永住権と扶養者・扶養家族|審査で見られるポイントと実務対応
目次
概要と結論
永住許可の審査では、申請者本人の収入だけでなく扶養家族の有無と実態が重要になります。扶養家族が多いと必要な世帯収入の目安も上がるため、事前に扶養状況を整理し、納税や送金の証拠を揃えておくことが合格率を高める近道です。
扶養者とは
扶養者とは、申請者が生活費や生計を支えている配偶者や子どもなどを指します。通常は同居する配偶者・子が扶養対象になり、一定の条件を満たせば国外居住の親族(6親等内の血族、3親等内の姻族)も扶養家族として認められ得ます。扶養に関する申告には、親族関係や送金実績を証明する書類が必要です。
永住申請で見る年収と扶養人数の目安
審査では「単身での生活基盤」と「世帯での生活基盤」の両面が見られます。実務上の目安としては以下のとおりですが、ケースにより変動します。
- 単身の場合の目安:年収おおむね300万円程度
- 扶養者1人あたりの上乗せ目安:60万円〜80万円程度
- 例:配偶者と子1人、国外の親1人を扶養するなら年収約480万円が目安
これらはあくまで目安で、職歴の安定性、過去数年の収入推移、業種や地域差、家族の生活実態などにより判断されます。
海外にいる家族を扶養する場合の要件
国外居住の家族を扶養に入れるには、単に親族関係を申告するだけでは不十分になっています。実務上求められる代表的な証明は次のとおりです。
- 戸籍や親族関係を示す書類の写し
- 送金記録や銀行明細など、実際に扶養していることを示す証拠
- 扶養の必要性を説明する陳述書(理由書)
送金の継続性や金額が一定の目安を満たしているかどうかが審査に影響します。国や地域によっては追加の裏付け書類を求められることもあります。
扶養家族を訂正するには
申告した扶養家族に誤りがあった、あるいは実際の送金が停止した等の場合は速やかに修正手続きを行いましょう。手続きは主に次の窓口で行います。

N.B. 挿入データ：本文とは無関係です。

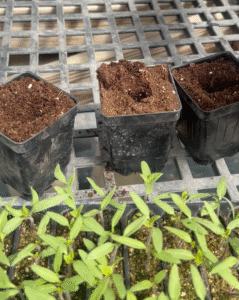 Three 3-inch pots filled with soil behind a tray containing many small tomato seedlings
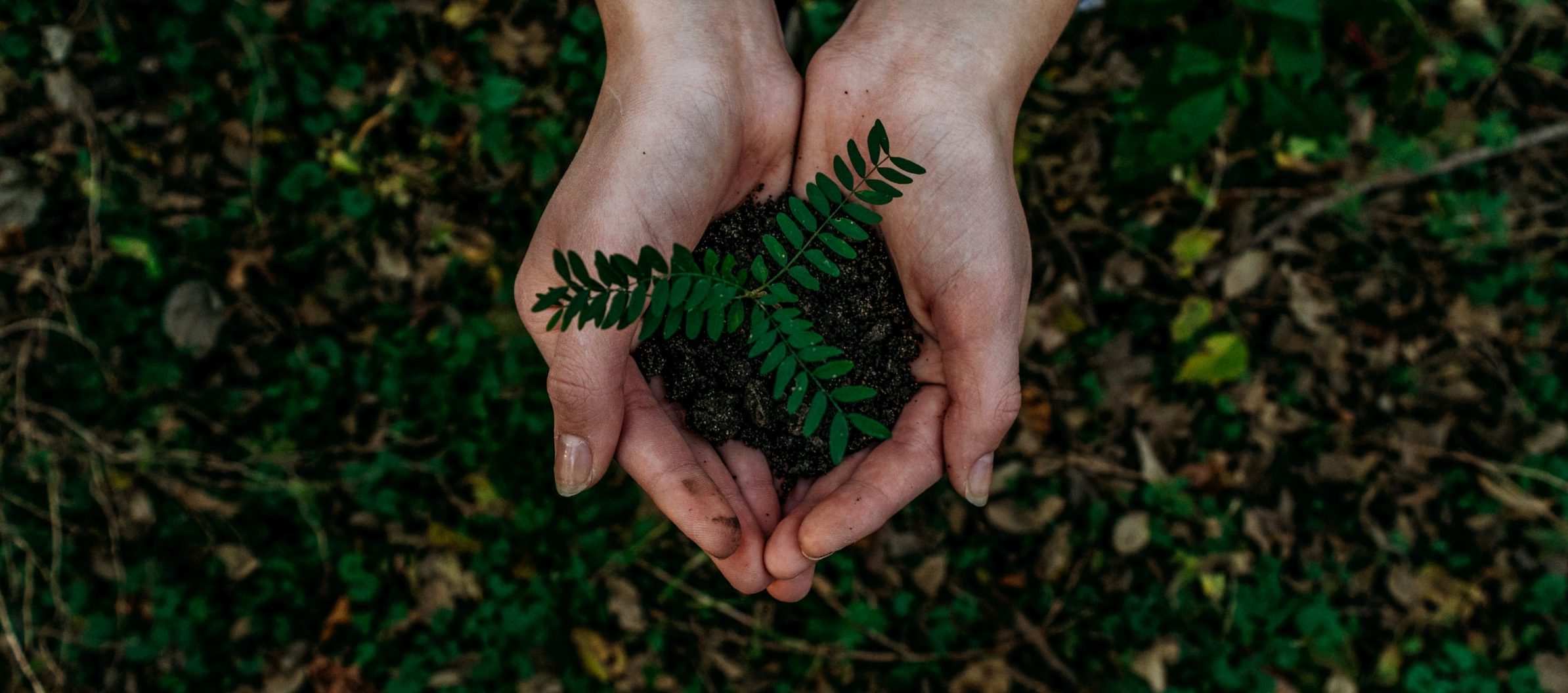 Hände die Erde mit einem Setzling halten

- 住民票や税の扶養申告に関する修正は市区町村窓口での手続き
- 会社の扶養届は勤務先の人事・総務へ届出
- 過去の申告内容を訂正する場合は税務署への相談が必要なケースあり
永住申請前に扶養情報を正確にしておくことが、申請時の不整合を避けるうえで重要です。
審査で不利になりやすいケースと対策
審査で問題になりやすい典型例とそれぞれの対策を示します。
不利になりやすいケース
- 扶養家族が多いのに申請者の収入が不足しているケース
- 国外扶養を申告しているが送金の証拠がないケース
- 過去に扶養申告を虚偽で行っていた疑いが残るケース
実務的な対策
- 納税証明、年金・社会保険の加入履歴、源泉徴収票などを確実に揃える
- 海外への送金がある場合は通帳の入出金記録や送金明細を保存する
- 扶養の必要性を説明する陳述書や第三者(学校・医療機関・受入団体)の資料を用意する
- 申告内容に誤りがあれば自治体・勤務先・税務署へ速やかに修正申請する
重要:審査官は「世帯として日本で生活を維持できるか」を総合的に判断します。数値だけでなく実態の裏付けが重要です。
まとめ
永住申請では扶養家族の有無が収入基準に直結します。扶養家族を正しく申告し、納税や社会保険、送金証拠などの裏付けを整えることが必要です。国外に居る家族を扶養に含める場合は親族関係と送金実績を示す書類が必須になります。申請前に扶養情報を整理し、修正が必要な場合は速やかに行政手続きを行ってください。準備が不安な場合は、専門家に相談して書類構成を確認することをおすすめします。